*Work task*.
Your answer must be the lines from the one holding "Schwarze Smartwatch mit" through the final line of the entries below, copied exactly, with no pictures.

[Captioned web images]
══════

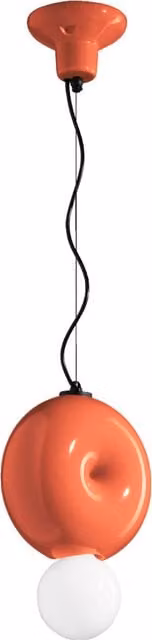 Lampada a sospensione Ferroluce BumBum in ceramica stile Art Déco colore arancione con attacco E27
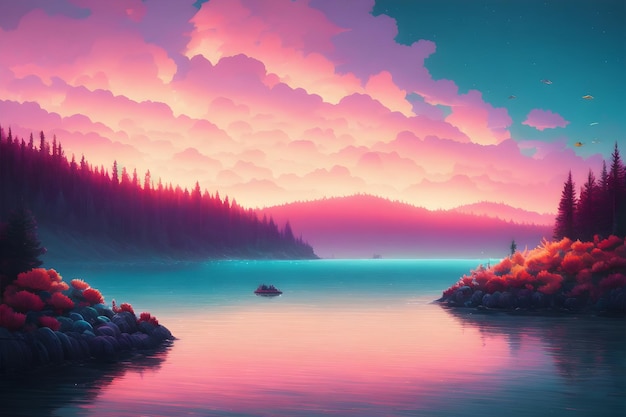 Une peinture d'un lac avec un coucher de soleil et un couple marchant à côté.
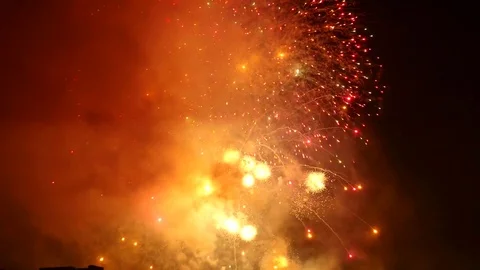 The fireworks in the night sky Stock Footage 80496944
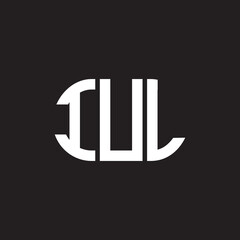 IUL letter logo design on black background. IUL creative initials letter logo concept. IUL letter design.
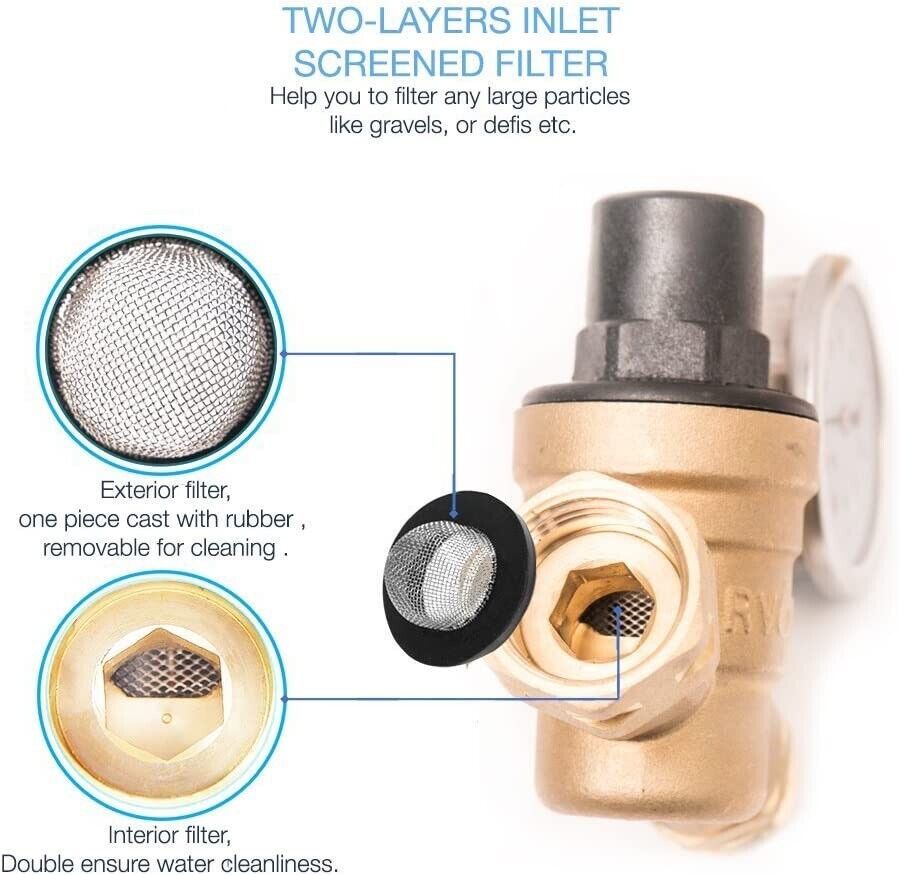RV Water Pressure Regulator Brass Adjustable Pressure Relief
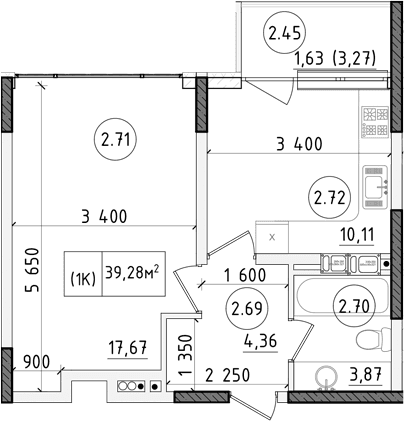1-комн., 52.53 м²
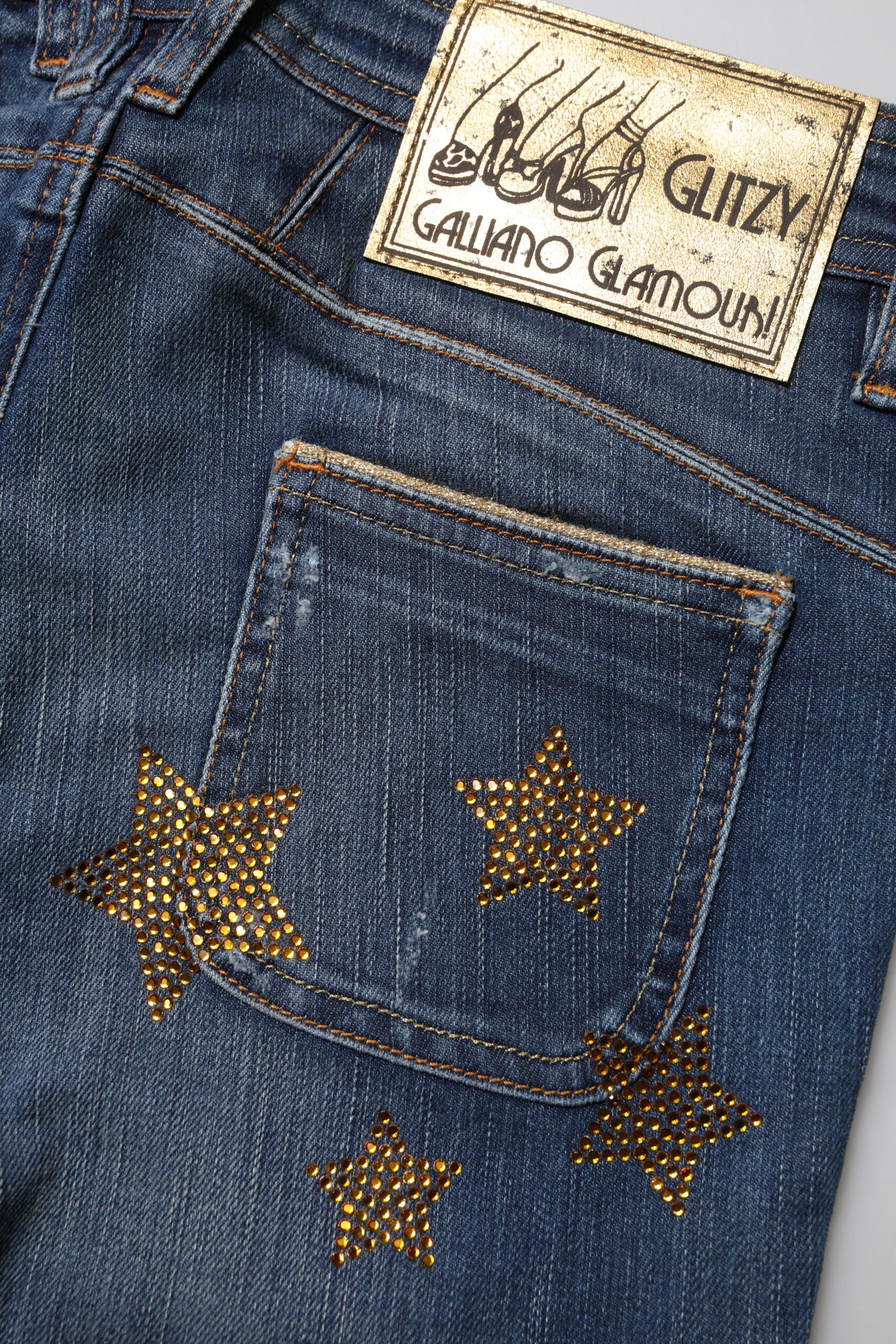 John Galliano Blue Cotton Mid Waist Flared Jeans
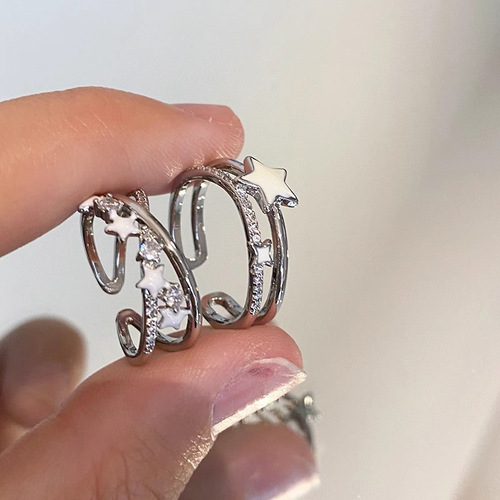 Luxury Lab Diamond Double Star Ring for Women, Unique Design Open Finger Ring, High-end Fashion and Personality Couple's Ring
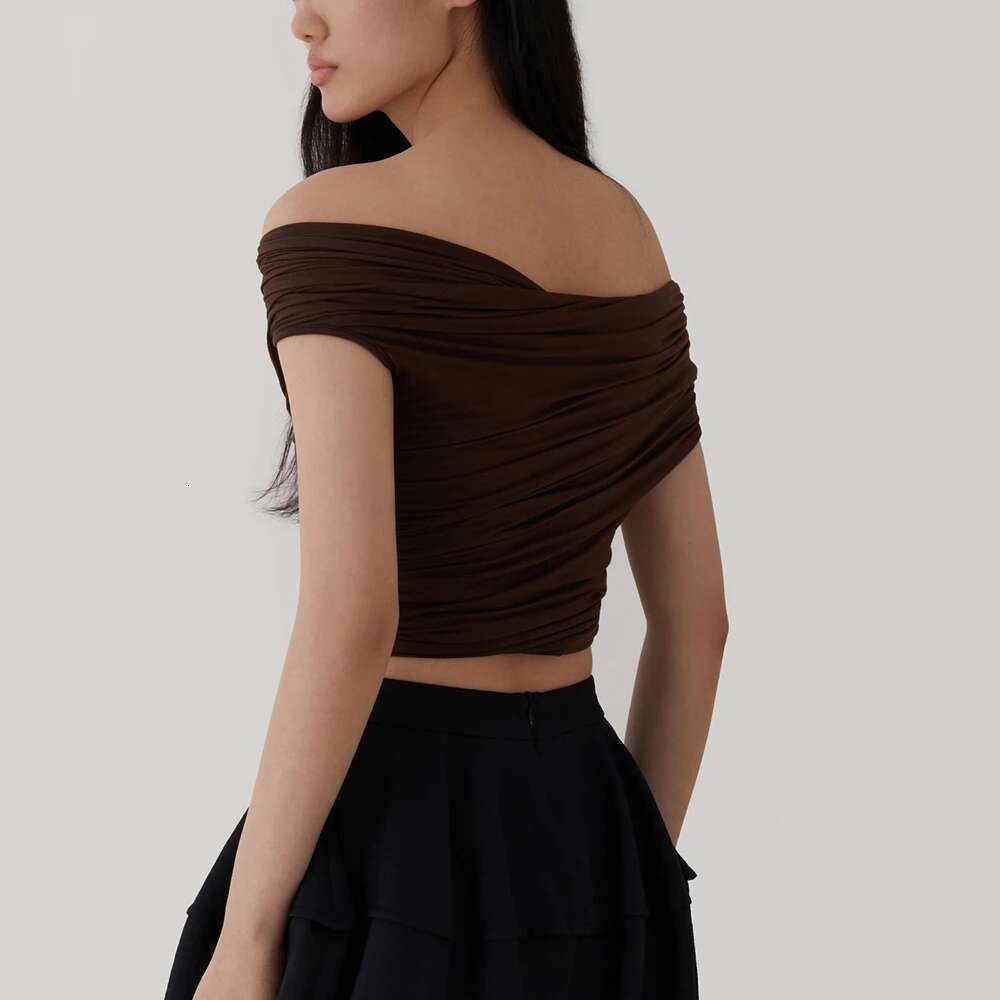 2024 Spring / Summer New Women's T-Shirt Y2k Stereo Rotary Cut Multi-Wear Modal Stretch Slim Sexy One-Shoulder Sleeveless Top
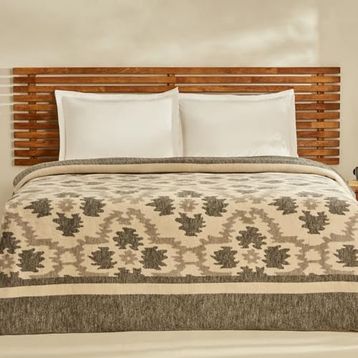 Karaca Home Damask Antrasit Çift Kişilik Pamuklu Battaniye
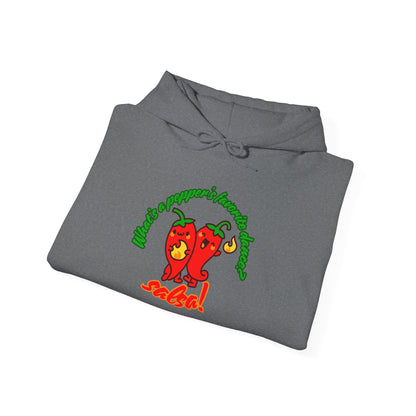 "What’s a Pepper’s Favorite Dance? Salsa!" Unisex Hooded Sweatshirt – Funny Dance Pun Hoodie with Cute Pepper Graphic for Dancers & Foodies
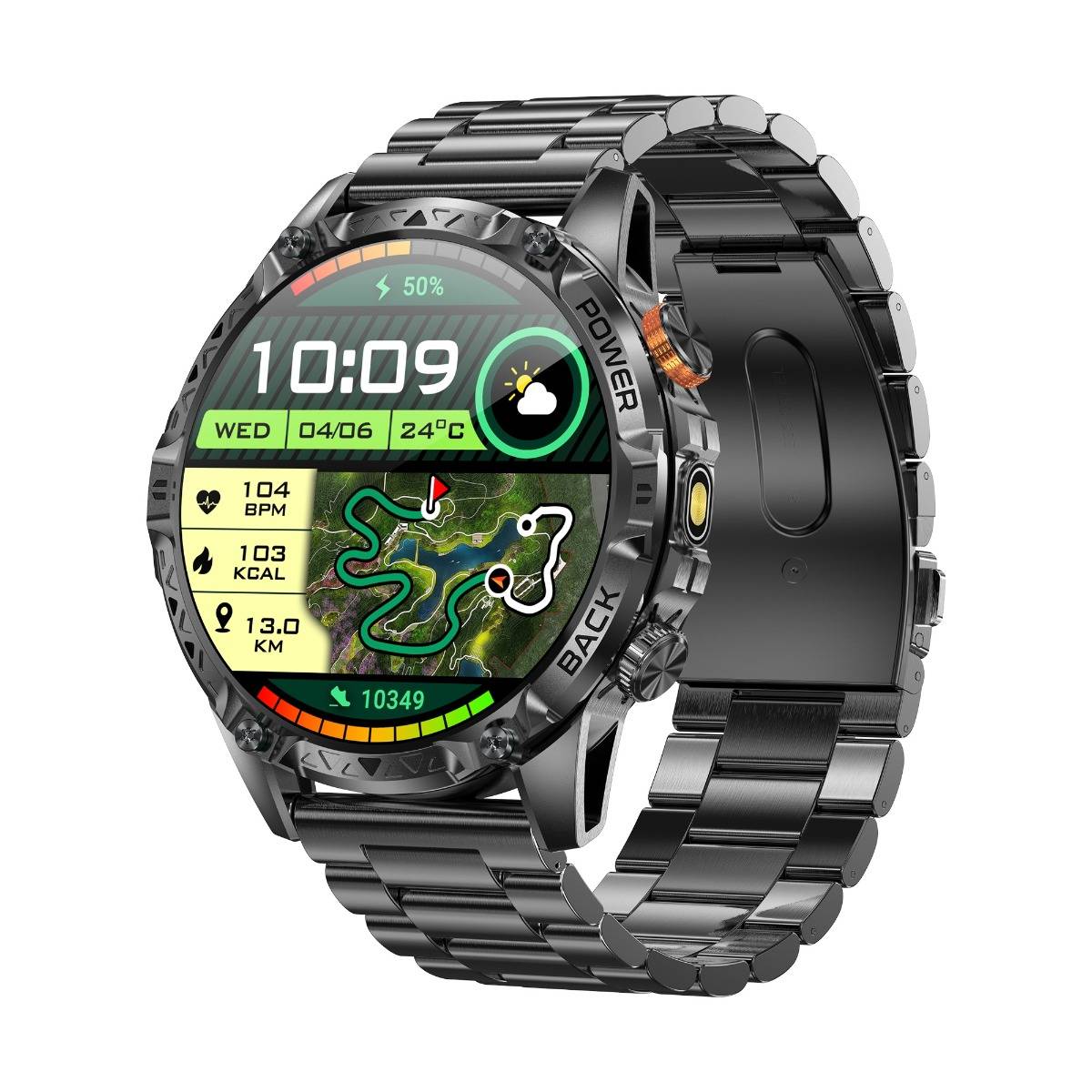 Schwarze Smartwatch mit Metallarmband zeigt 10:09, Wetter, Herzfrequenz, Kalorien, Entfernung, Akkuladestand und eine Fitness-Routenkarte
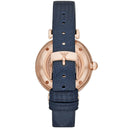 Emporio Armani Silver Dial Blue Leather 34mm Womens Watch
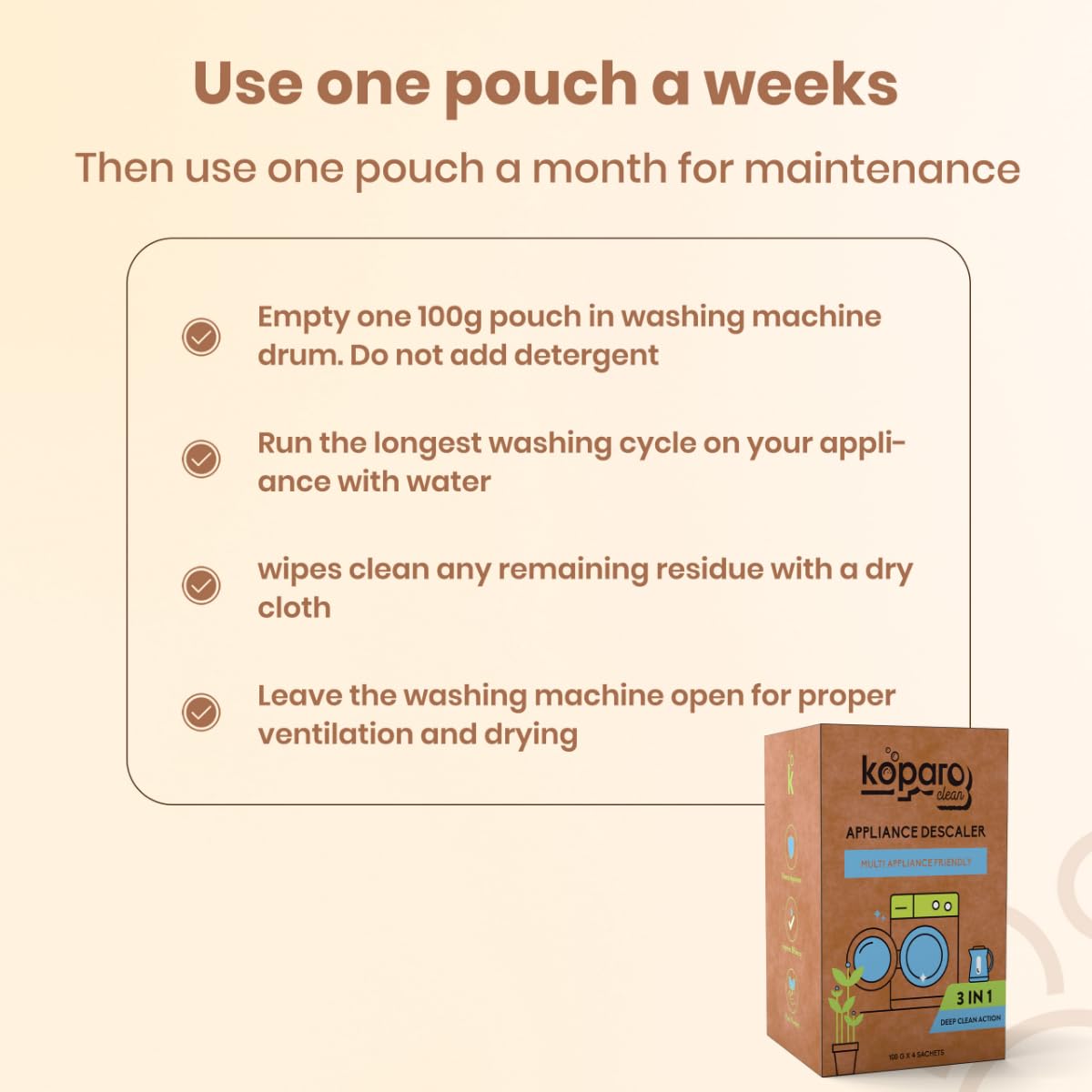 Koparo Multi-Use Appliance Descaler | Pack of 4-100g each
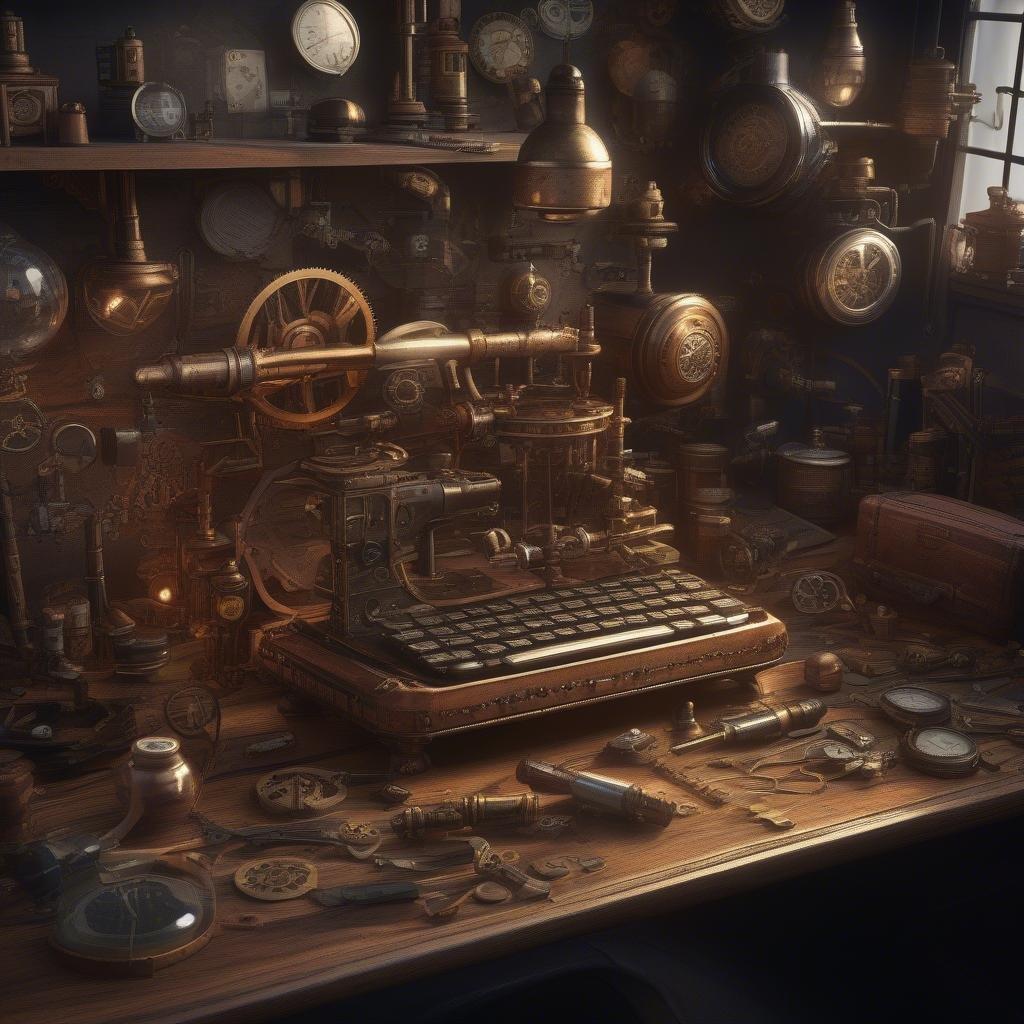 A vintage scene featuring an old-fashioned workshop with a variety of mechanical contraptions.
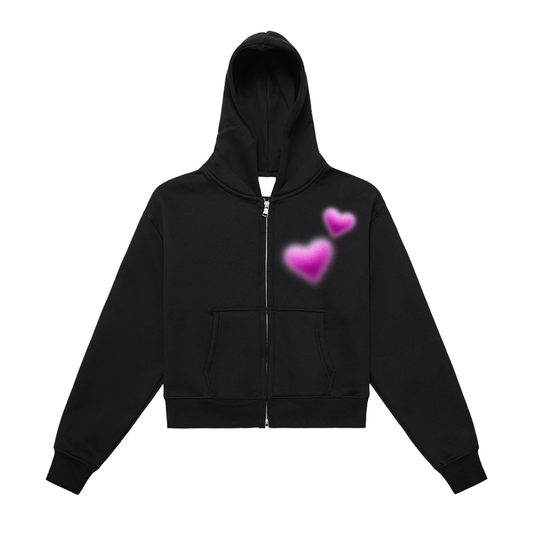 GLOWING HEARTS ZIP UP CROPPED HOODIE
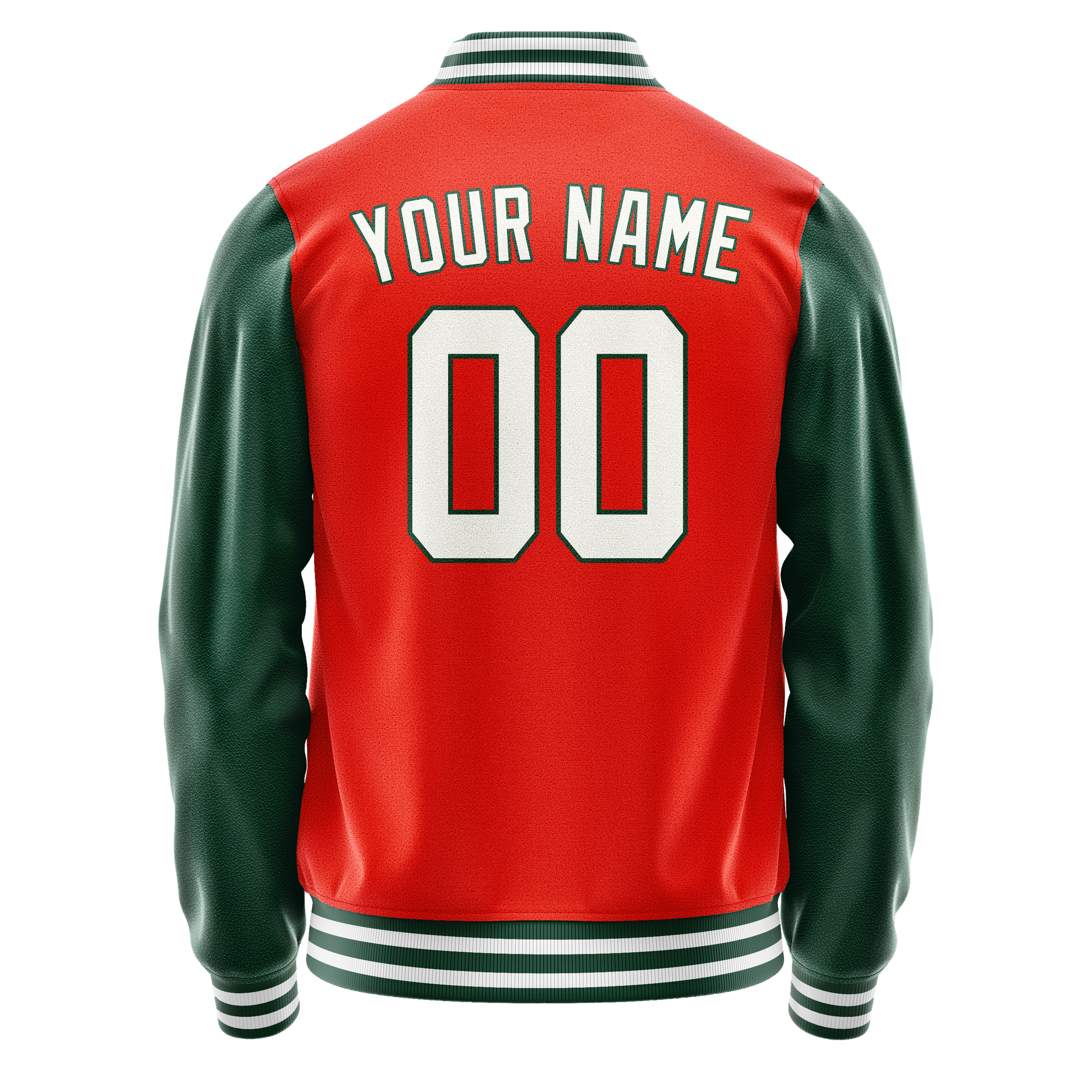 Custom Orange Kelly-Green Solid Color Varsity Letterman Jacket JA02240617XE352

══════

*Expected answer*.
 Schwarze Smartwatch mit Metallarmband zeigt 10:09, Wetter, Herzfrequenz, Kalorien, Entfernung, Akkuladestand und eine Fitness-Routenkarte
 Emporio Armani Silver Dial Blue Leather 34mm Womens Watch
 Koparo Multi-Use Appliance Descaler | Pack of 4-100g each
 A vintage scene featuring an old-fashioned workshop with a variety of mechanical contraptions.
 GLOWING HEARTS ZIP UP CROPPED HOODIE
 Custom Orange Kelly-Green Solid Color Varsity Letterman Jacket JA02240617XE352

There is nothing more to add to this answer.